This afternoon I had lunch with my Arch Nemesis, Donna Godmen.  She is who I usually CLAIM to be, publicly, when I've had too much to drink in a work setting…like at conferences.  Places where our mutual peers tend to gather and drink responsibly and talk about their …work. Yawn.

"I'm Donna Godmen and I have a boobjob made of orphan tears!"

"I'm Donna Godmen and I am lobbying Congress to have Smokey the Bear changed to Smokey the Sturgeon because i think people like fish BETTER than bears and no one minds if we introduce them into any ecosystem we choose! I could introduce one RIGHT NOW, if I wanted.  No one would GIVE A SHIT! I'm DONNA GODMEN and I have A POCKET FULL OF STURGEON EGGS!!"

Anyway, I'm stupid when I drink, though I think its HILARIOUS, at the time, as do my "friends"…

So, naturally, I wondered if Donna called to ask me to lunch so that she could demand that I stop being her, drunkenly, in public.

"I'm DONNA GODMEN and I have BEEN KILLING SHEEP IN MONTANA AND IDAHO FOR YEARS and BLAMING WOLVES! Because I HATE SCRATCHY SWEATERS! AND CAR SEAT COVERS! Wolves NEVER DID SHIT FOR ME!"

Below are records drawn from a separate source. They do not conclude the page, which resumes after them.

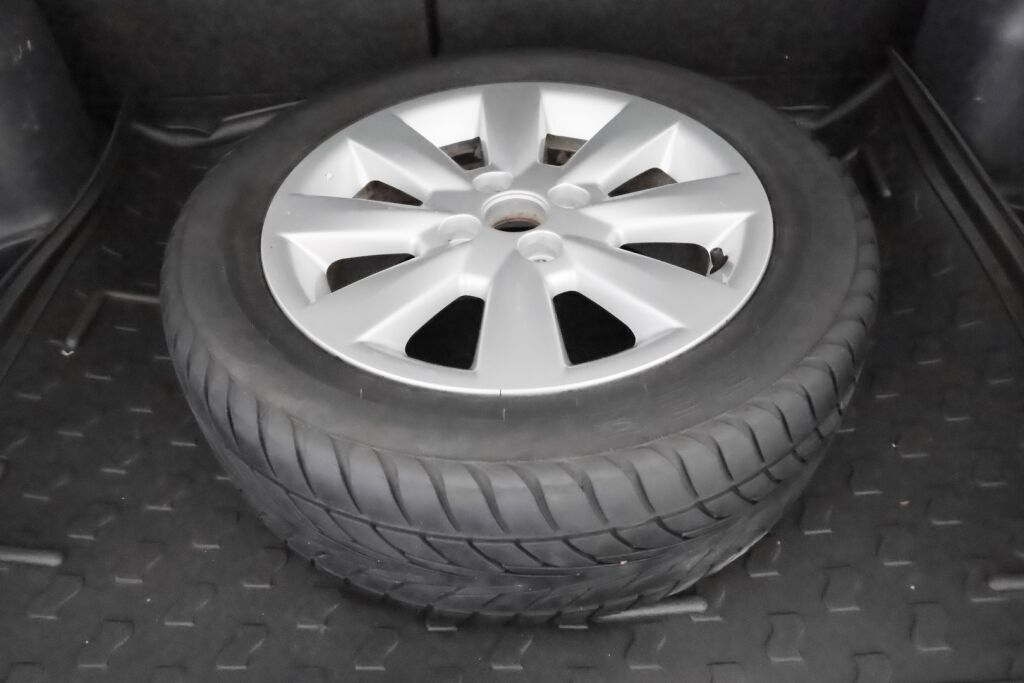 Suzuki Liana 2004 Vihreä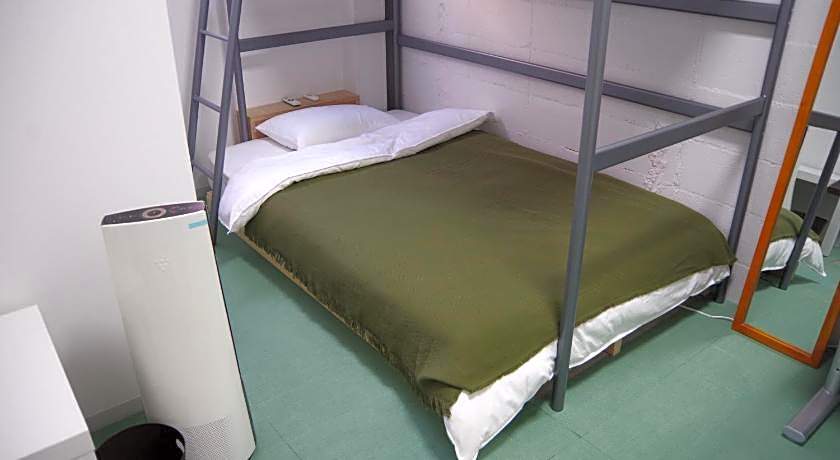 Travelers' house ROOTs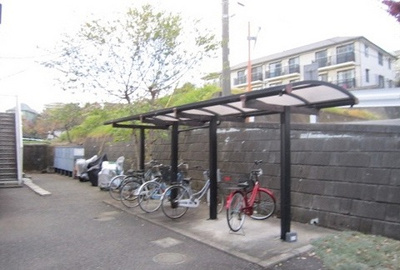 【その他共用部分】 | アベニュー白鳥B | 屋根付きの駐輪場で雨が降っても大切な自転車が濡れなくてすみますね♪荷物が重いときに自転車があれば助かりますね！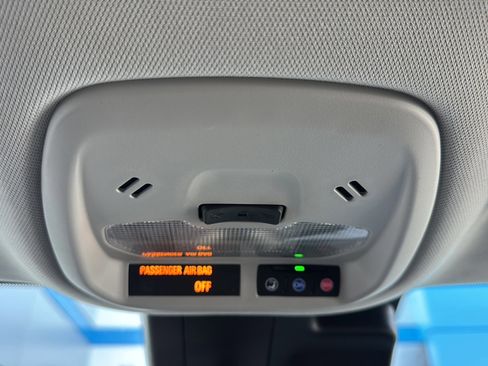 Used 2024 Chevrolet Trax ACTIV w/ Driver Confidence Package image 38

She picked me up. We drove to a restaurant near where I work.  I ordered a salad and soup, which I love. I did not order a beer, though I wanted to…but I was afraid I'd turn into her and no one would be present to laugh:

"I'm DONNA GODMEN and I have a RATTLESNAKE in my UNDERWEARS because it FEELS GOOD! THE SNAKE LIKES IT TOO! I Can't GET PREGNANT FROM UNPROTECTED RATTLING!"

She even PAID for my lunch! NOT A WORD about me being her inebriated alter ego. She didn't say anything that shed the slightest bit of light upon the mysterious invitation.  Now I almost expect a severed horse head to be resting in my car driver's seat when I leave today.